Trading Breakouts
A breakout is a significant change in price direction. The classic definition of a breakout is price penetrating a support/resistance line (including triangles, flags, and pennants), but breakout can be defined in fancier ways, such as breaking a Bollinger Band, ATR band, or linear regression channel, or by special bars like the engulfing bullish candlestick and key reversal bar. A breakout is usually a big one-time move in the opposite direction of the existing trend, although sometimes a breakout sneaks up on the critical level and slides over it instead of breaking it with any violence. Just about every trader watches for breakouts with an eagle eye, even long-term position traders. As a rule, the earlier you jump on a breakout trade, the bigger the gain.
The problem is that many breakouts in Forex are false – they fizzle out, and the price resumes in the pre-breakout direction. This is not hard to understand. The breakout occurs in the first place because of a change in sentiment toward the currency. Please see the example chart below. The breakout is characterized by a very tall candlestick that breaks upside resistance and is followed by a few more mostly higher highs. However, the new sentiment lacks staying power, and after an upward correction (which reaches about 100% of the previous down move, by the way), the currency reverses. When the price penetrates the breakout point on the downside, you know the breakout has failed. The price goes on to a lower low. Traders had a change of heart about the newly positive sentiment that triggered the upside breakout.
Note that sentiment changes often. A few days later, after the new lowest low, they got that positive sentiment back and staged another upside breakout, followed by another move higher. You can see it on the next chart. So far, the second breakout has not failed. It is a curiosity that the resistance lines appear to be almost parallel. This is a frequent occurrence and probably reflects that each currency has its own momentum habits. This particular currency pair is AUD/USD. Support and resistance lines in another currency pair, say NZD/USD, have a different slope.
Breakouts are often caused by an important piece of news or an event that changes sentiment, like an important macroeconomic report that deviates from expectations.
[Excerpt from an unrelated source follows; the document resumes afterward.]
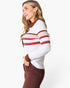 A woman wearing a white ribbed knit polo-style sweater with brown, red, and dark brown horizontal stripes on the chest and sleeves, paired with brown pants, photographed against a clean white studio background.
The next chart depicts AUD/USD in November 2023. A report showed that US inflation slowed more than experts had predicted, causing the US dollar to fall against other currencies. As a result, the AUD closed above the resistance line on the day when the report was released. As we can see on the chart, the breakout proved to be true as the pullback after the breakout was not nearly big enough to bring the price close to the breakout level, and the currency pair continued its move higher.
Sometimes, a breakout takes place in the absence of any news or detectable change in sentiment. Clearly, some player or group of players had a change of sentiment, but we may not find out what it was until long afterward. Or some players were trying to drive the price to a level so they could buy more cheaply or sell more dearly. When you are trying to reconcile fundamentals with a breakout on the chart and cannot find reasons, you have to decide whether to obey what you know about the fundamentals or to have faith in the chart. This is a personal decision, but most traders choose to trade the breakout and plan to get out fast in case it fizzles. If you wait until a breakout is confirmed, you will have an opportunity loss since a large portion of the gain comes early in the breakout move.
Confirming a breakout can be tricky. Some analysts consider a breakout valid if the move is some minimum percentage change, like 20%. We find such a rule to be not useful. A breakout can be valid at 10% or invalid at 40%. One rule is to consider the breakout not false if a previous high or low is matched and surpassed. The USD/CNY chart below shows an upside break of the red resistance line, but then the price fails to make a higher close (topmost gold line). This is usually a sign of a failed upside breakout, but in practice, you cannot be sure until it closes below the low made before the breakout (next lower gold line). A bigger test of failure is if it closes below the new low made after the breakout (bottommost gold line).
If you are new to technical analysis, breakouts are about to become the bane of your existence because they can be so confusing. Breakouts seem to be fizzling when all that is happening is a large group taking an early profit — and then the move resumes. Breakouts go hand-in-hand with pullbacks, and so you need to get a clear idea of both concepts.